__Task to carry out__. Set down again each entry exactly as it reads, pictures excluded.

** Information provided follows **

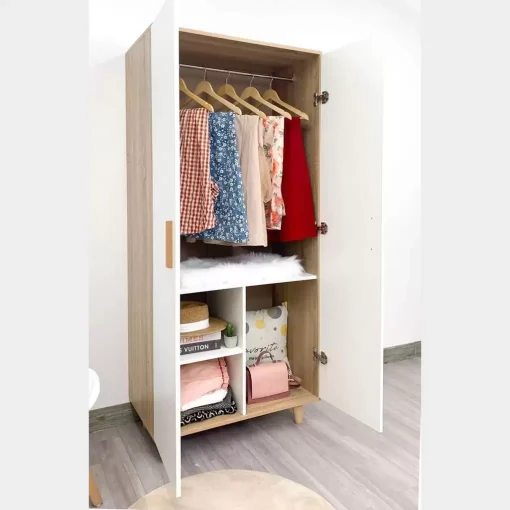 Tủ Quần Áo Shelf – GP129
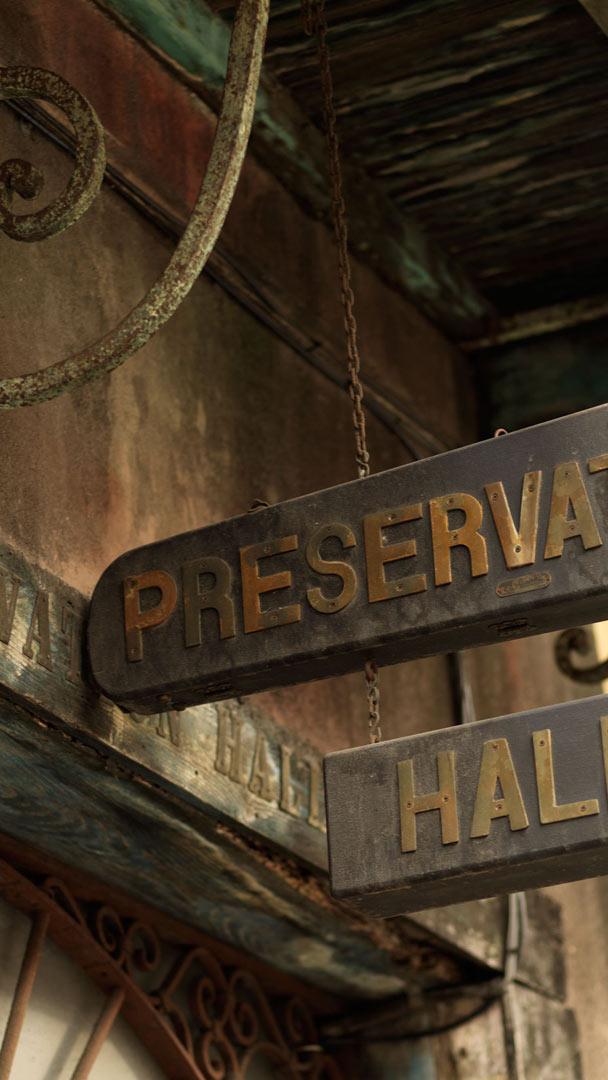 Preservation Hall, New Orleans, Louisiana, USA (© Cosmo Condina North America/Alamy)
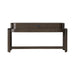 City View Console Bar Table in Coffee Bean - Furniture House (VA)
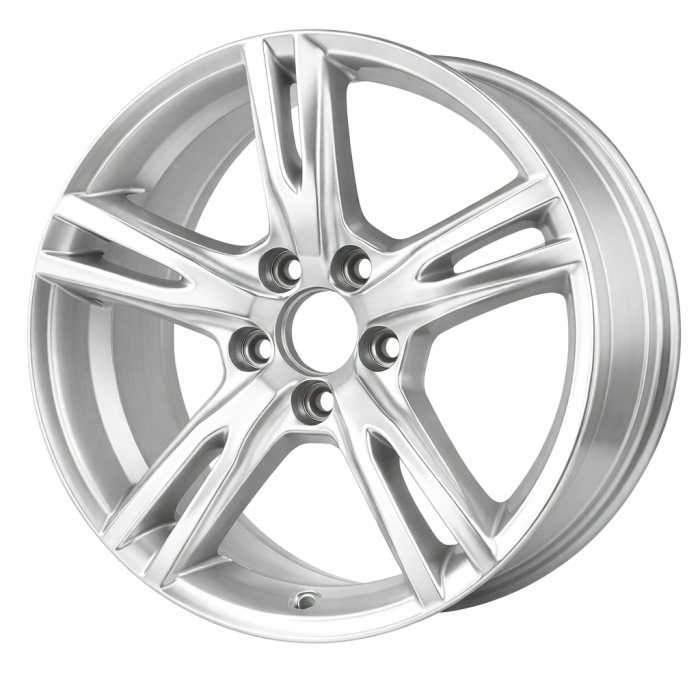 Volvo S60 Wheel Rim Hyper Silver 70411 Stock Factory OEM Replacement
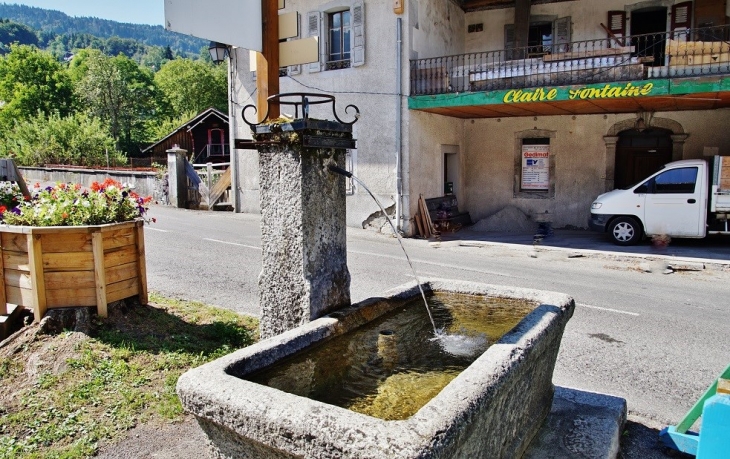 Fontaine - Morillon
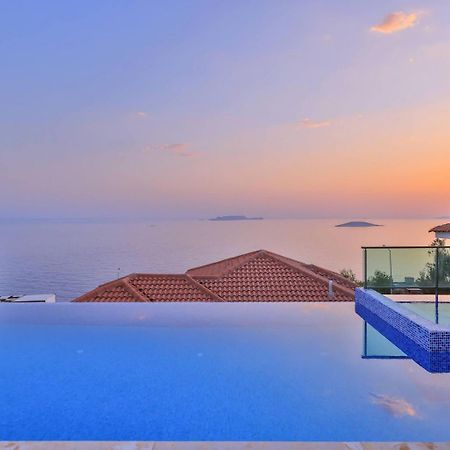 Villa Troya Kas Peninsula Bagian luar foto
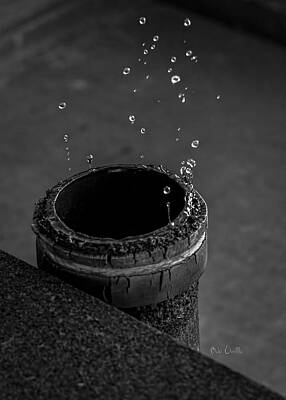 Surrealism Photos - Water Dripping Up The Spout by Bob Orsillo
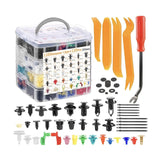 Maxbell 1240Pcs Car Push Retainer Clips Car Accessories Door Trim Panel Fender Clips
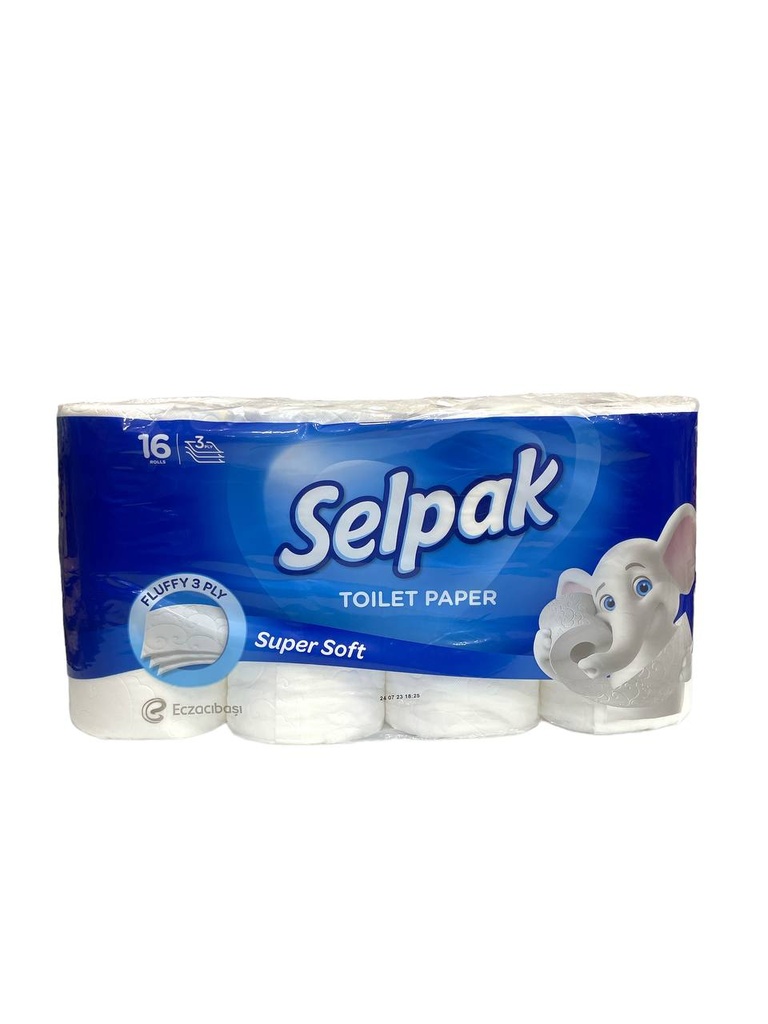 Selpak Toilet Paper16 Rolls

** End of Information provided **

__Solved problem__.
 Tủ Quần Áo Shelf – GP129
 Preservation Hall, New Orleans, Louisiana, USA (© Cosmo Condina North America/Alamy)
 City View Console Bar Table in Coffee Bean - Furniture House (VA)
 Volvo S60 Wheel Rim Hyper Silver 70411 Stock Factory OEM Replacement
 Fontaine - Morillon
 Villa Troya Kas Peninsula Bagian luar foto
 Surrealism Photos - Water Dripping Up The Spout by Bob Orsillo
 Maxbell 1240Pcs Car Push Retainer Clips Car Accessories Door Trim Panel Fender Clips
 Selpak Toilet Paper16 Rolls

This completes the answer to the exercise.